Cell culture. Human normal oral cells [gingival fibroblast (HGF), periodontal ligament fibroblast (HPLF), pulp cell (HPC)] (19) at 12~20 population doubling level (PDL) and OSCC cell lines (Ca9-22, HSC-2, HSC-3, HSC-4) (Riken Cell Bank, Tsukuba, Japan) were cultured at 37°C in DMEM supplemented with 10% heat-inactivated FBS and antibiotics under humidified 5% CO2 atmosphere, as described previously (14-16).

Assay for cytotoxic activity. Cells were inoculated at 2×103 cells/0.1 ml in a 96-microwell plate. After 48 h, the medium was replaced with 0.1 ml of fresh medium containing various concentrations of test compounds. Control cells were treated with the same amounts of DMSO present in each diluent solution. Cells were incubated for 48 h and the relative viable cell number was then determined by the MTT method, as described previously (14-16). The CC50 was determined from the dose–response curve of triplicate samples.

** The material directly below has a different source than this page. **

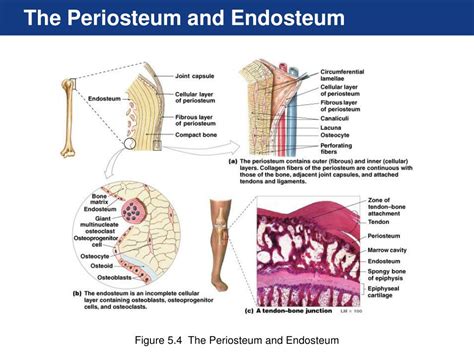Ppt The Skeletal System Osseous Tissue And Skeletal Structure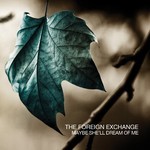 cover: The Foreign Exchange - Maybe She'll Dream Of Me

Calculation of tumor-selectivity index (TS). TS(mean) was calculated as the ratio of the mean CC50 value for the human normal oral cells (HGF+HPLF+HPC) to that for the OSCC cell lines (Ca9-22+HSC-2+HSC-3+HSC-4). Moreover, TS was calculated for cells derived from gingival tissue (20), and as the ratio of CC50 (HGF) to CC50 (Ca9-22) (TS(HGF/Ca9-22)).

Calculation of potency-selectivity expression (PSE). PSE was calculated by the formula: (TS/CC50) ×100 (11, 12).

Cell cycle analysis. Cells (approximately 106 cells) were harvested, fixed, treated with ribonuclease A, stained propidium iodide, filtered through cell strainers and then were subjected to cell sorting (SH800 Series, SONY Imaging Products and Solutions Inc., Atsugi, Kanagawa, Japan) and cell cycle analysis (Cell Sorter Software version 2.1.2., SONY Imaging Products and Solutions Inc), as described previously (16).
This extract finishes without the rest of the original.